═══ Data records

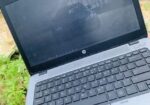 Laptop for sell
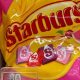 Vegan Guide: Are Starbursts Vegan? + Alternatives | Discover Delicious Vegan Food, Beauty Swaps, and Zero-Waste Tips for a Greener Life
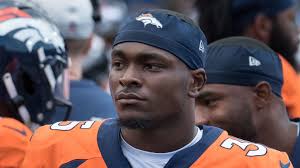 The Five Biggest Winners of the Broncos' Offseason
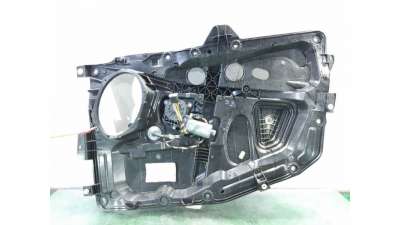 ELEVALUNAS DELANTERO DERECHO FORD FIESTA V (2001-2008) 1.4 TDCI 68CV 1399CC - L.7716818 / 2S61A045H16A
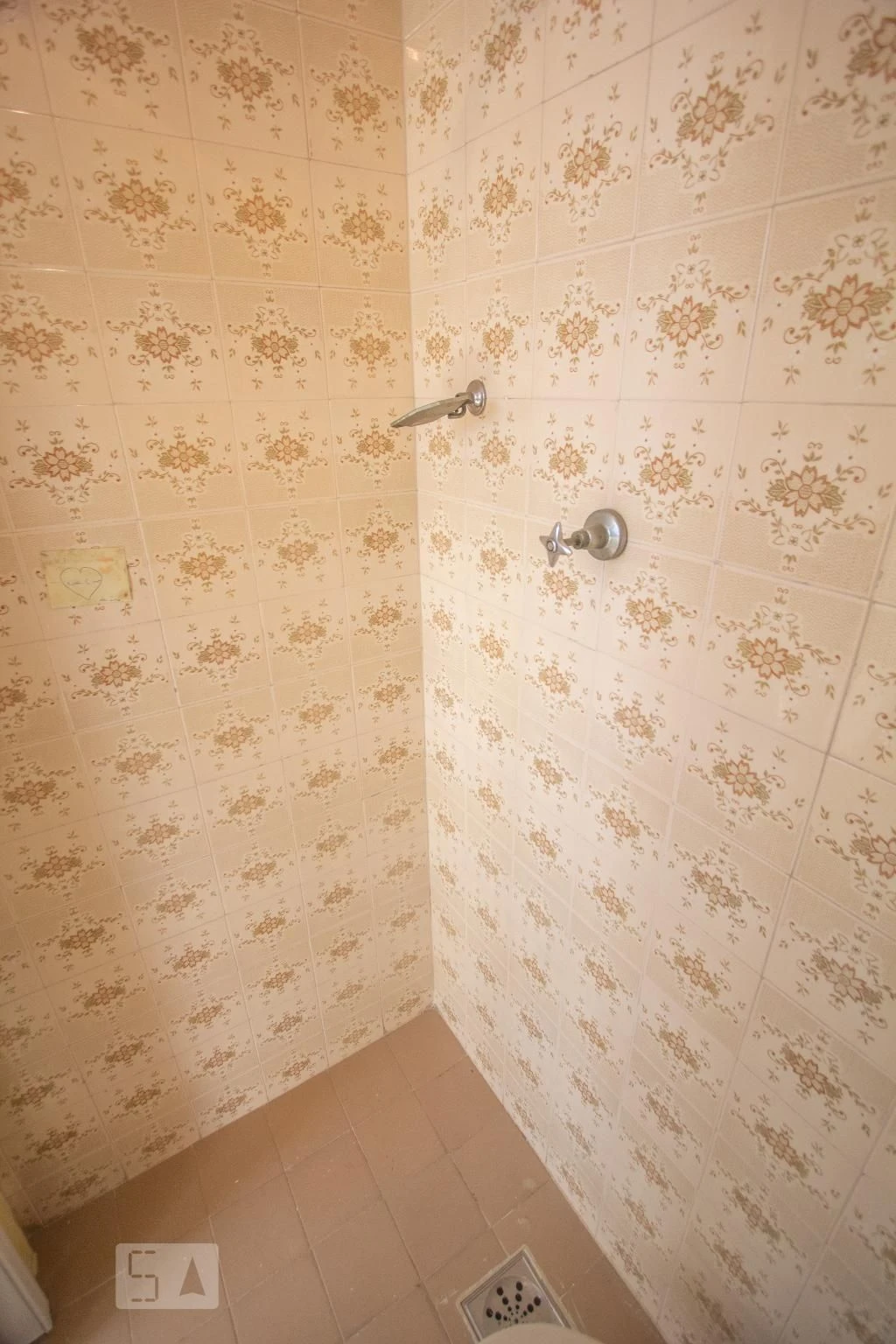 Квартира 69 м², 2 спальни, Рио-де-Жанейро — photo 31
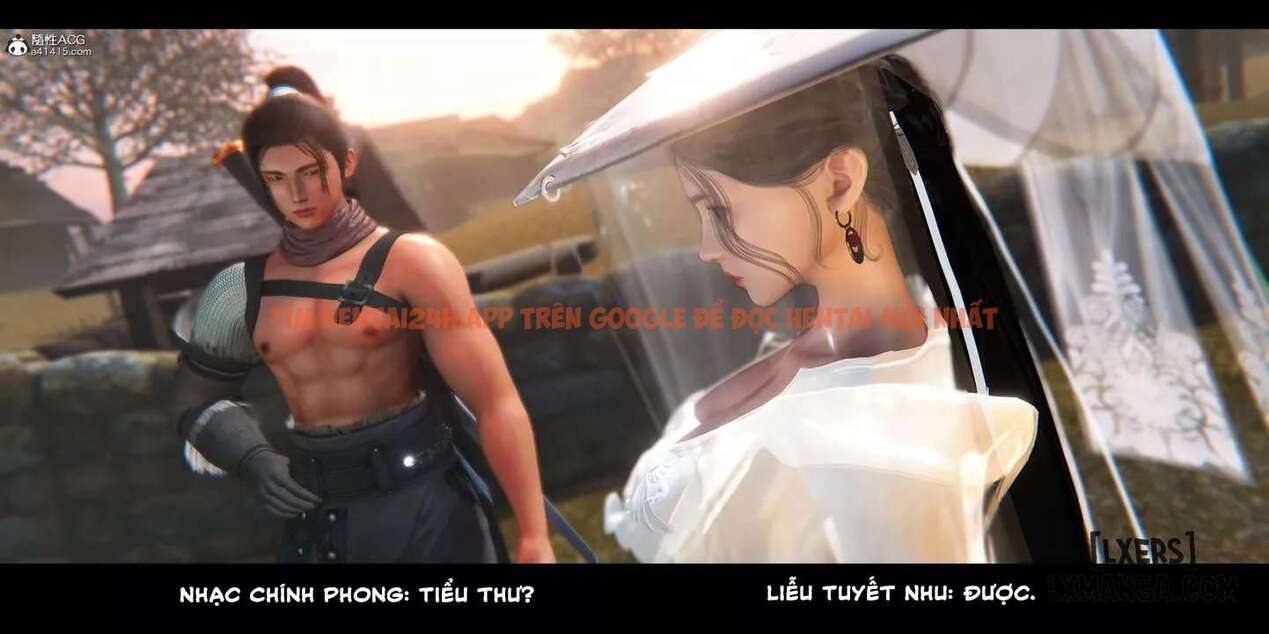 Xem ảnh Hành Trình Tiên Tử Bị Sa Vào Trần Thế - Chương 1 - 59 6929d684a4604 - TruyenVN.APP Xem ảnh Hành Trình Tiên Tử Bị Sa Vào Trần Thế - Chương 1 - 59 6929d684a4604 - TruyenVN.APP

══════

Word for word, repeat all the data, but not its images.

** Expected output **
 Laptop for sell
 Vegan Guide: Are Starbursts Vegan? + Alternatives | Discover Delicious Vegan Food, Beauty Swaps, and Zero-Waste Tips for a Greener Life
 The Five Biggest Winners of the Broncos' Offseason
 ELEVALUNAS DELANTERO DERECHO FORD FIESTA V (2001-2008) 1.4 TDCI 68CV 1399CC - L.7716818 / 2S61A045H16A
 Квартира 69 м², 2 спальни, Рио-де-Жанейро — photo 31
 Xem ảnh Hành Trình Tiên Tử Bị Sa Vào Trần Thế - Chương 1 - 59 6929d684a4604 - TruyenVN.APP Xem ảnh Hành Trình Tiên Tử Bị Sa Vào Trần Thế - Chương 1 - 59 6929d684a4604 - TruyenVN.APP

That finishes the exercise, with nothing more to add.